La corrupción, la ejerza quien la
ejerza, es imperdonable; pero a veces sorprende más, y duele, cuando es
instrumento de quienes se han dicho abanderados de los ideales de equidad y
justicia.
Rafael
Cuevas Molina/Presidente AUNA-Costa Rica
Se vea a donde se vea, en América Latina
campea la corrupción. Aunque no es, ni lejanamente, exclusiva de ella, la
política es uno de sus escenarios privilegiados. Hay casos de casos, es cierto,
ámbitos en los que encontrarse con ella no causa mayores sorpresas, pero, en otros,
son traición a ilusiones y esperanzas depositadas por quienes tienen pocas
razones para tenerlas.
No causa sorpresa encontrársela en
Guatemala, por ejemplo, en donde el Estado está tomado por mafias bien
organizadas que se pelean la oportunidad de saquear el erario público. Ahí,
hasta la ONU ha tenido que intervenir para intentar ordenar el aparato
institucional que debería de ser el encargado de velar por la pulcritud de la
actividad estatal.
Tampoco sorprende encontrarla campeando
en México, en donde el PRI logró estructurar, a través de décadas en el poder,
un entramado, nada sutil por cierto, de clientelismos que abarcaba desde el más
humilde funcionario público hasta el presidente de la República. Entramado que,
ni corto ni perezoso, heredó y revitalizó el PAN, que entró en la lid emulando
a su antecesor, del que tanto se quejó y al que tantas veces denunció.

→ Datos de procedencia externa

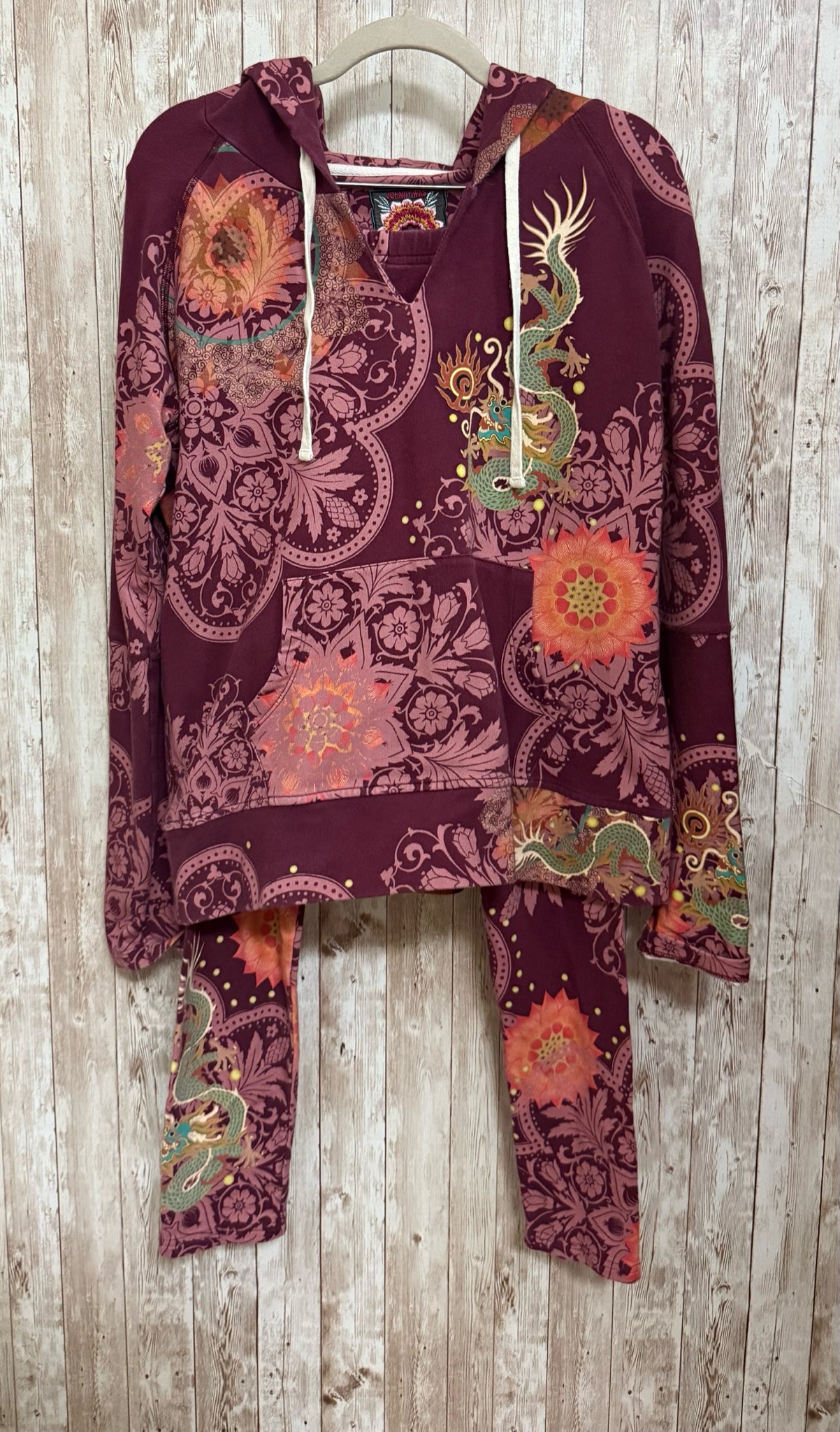 JOHNNY WAS Size S PURPLE FLORAL 2 PC PANT SET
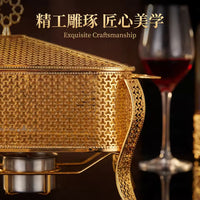 Classic 5.5L Rectangular Hammered Metal Chafing Dish - Elegant Buffet Food Warmer with Golden Hanging Lid & Fuel Holder for Professional Catering, Events & Home Kitchen Use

Ya se sabe que en esta región llamada
hoy Mesoamérica, la venalidad de nuestros gobernantes ha sido proverbial.
Llamarnos peyorativamente Banana
Republics estuvo asociado precisamente a eso, a la facilidad con la que
políticos y funcionarios reciben plata por debajo de la mesa; y nadie quiere
quedarse fuera de la posibilidad de recibir u dinerito extra, desde el
inspector que revisa la mercadería que debe atravesaba alguna frontera, pasando
por el policía de tránsito que vigila la ruta por donde se mueve, hasta el
encopetado engominado que, sentado en una silla “ejecutiva”, debe establecer
las normas y los reglamentos que rigen el sistema.
Ha llegado a ser tan común esta cultura
de “la mordida”, como le llaman en México, que debe calcularse en el
presupuesto de cualquier trámite las correspondientes tajadas para cada uno de
los funcionarios por donde se debe pasar.

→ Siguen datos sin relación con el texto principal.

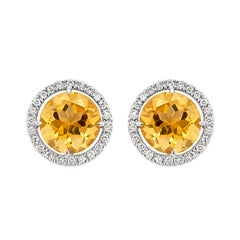 Citrine and Diamond 18 Carat White Gold Halo Cluster Stud Earrings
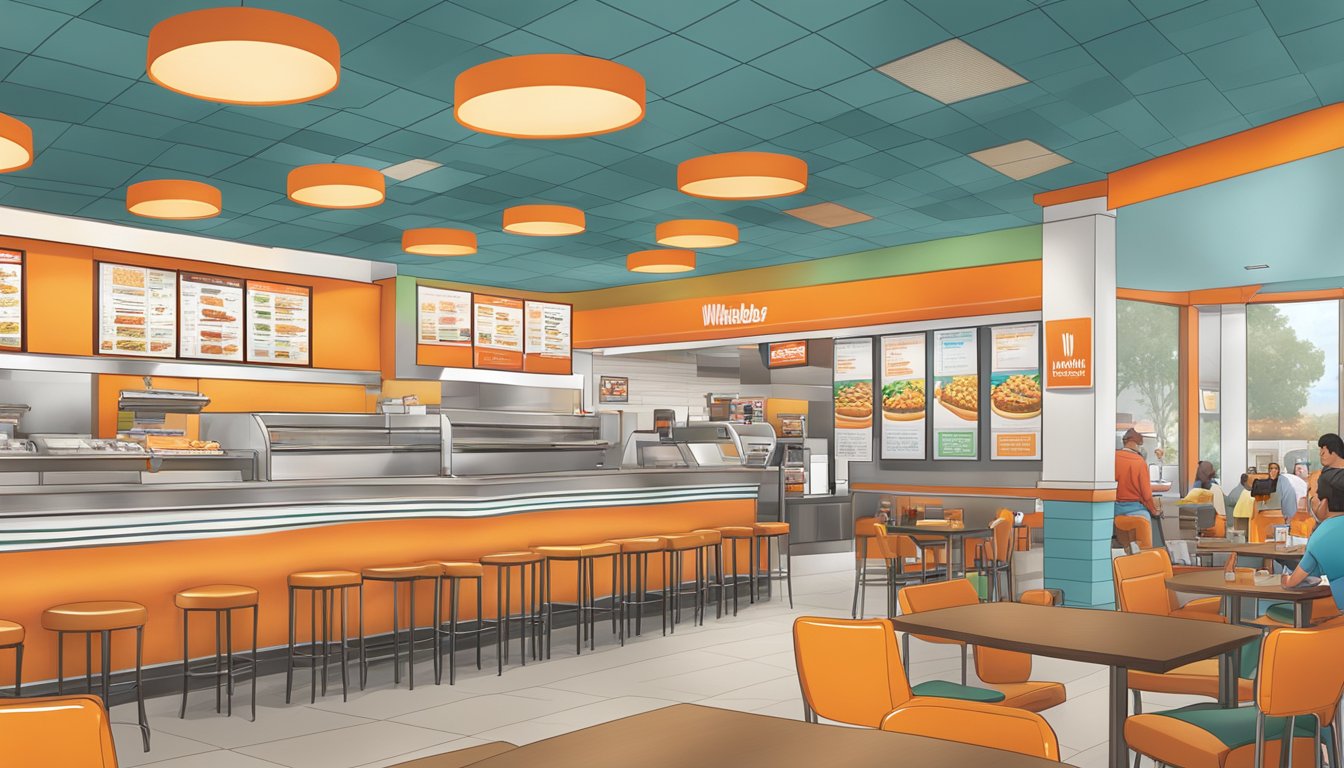 A bustling Whataburger restaurant in Arlington, with colorful menu highlights displayed above the counter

Es una cultura de la corrupción, de la
venalidad, de la trampa institucionalizada, y la esperanza es que desaparezca.
Por eso, la palabra de moda es transparencia.
No hay gobierno que se precie que no haga de la transparencia su caballito de
batalla. Se llenan la boca los gobernantes hablando de ella, y la repiten tanto
que va perdiendo sentido.
Algo hemos ganado, sin embargo, con solo
ponerla sobre la palestra, porque la corrupción en América Latina no es nueva,
pero ahora hay más ojos escrutadores y empoderados sobre quienes ejercen el
poder. Muestra que hemos avanzado por lo menos en eso, que por demás no es poca
cosa, de la rendición de cuentas ante quienes nos han puesto en determinado
sitio para que maniobremos con la cosa pública.

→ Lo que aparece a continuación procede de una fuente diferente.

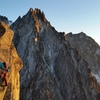 The final downclimb in the golden hour.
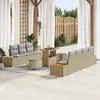 Image de vidaXL Ensemble de canapé de jardin 10 pc Beige polyrotin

La corrupción, la ejerza quien la
ejerza, es imperdonable; pero a veces sorprende más, y duele, cuando es
instrumento de quienes se han dicho abanderados de los ideales de equidad y
justicia. Como el escándalo que vive Chile por el hijo de la presidenta
Michelle Bachelet, por ejemplo, que la ha despojado de la enorme confianza que
habían depositado en ella sus compatriotas, mermando la legitimidad de su
mandato y coadyuvando a que explote sin más la conflictividad social.
En América Latina, territorio en el que
sigue existiendo el trabajo esclavo; personas que viven con menos de un dólar
al día; en donde proliferan las villas miseria; los niños que mueren por
desnutrición, es un delito de lesa humanidad enriquecerse. Así, en términos
generales y sin ambages: es un delito enriquecerse, y más aún cuando se hace
a través de prácticas corruptas.
Y los “comunistas” chinos, a quienes
enriquecerse les parece glorioso, pueden irse al diablo.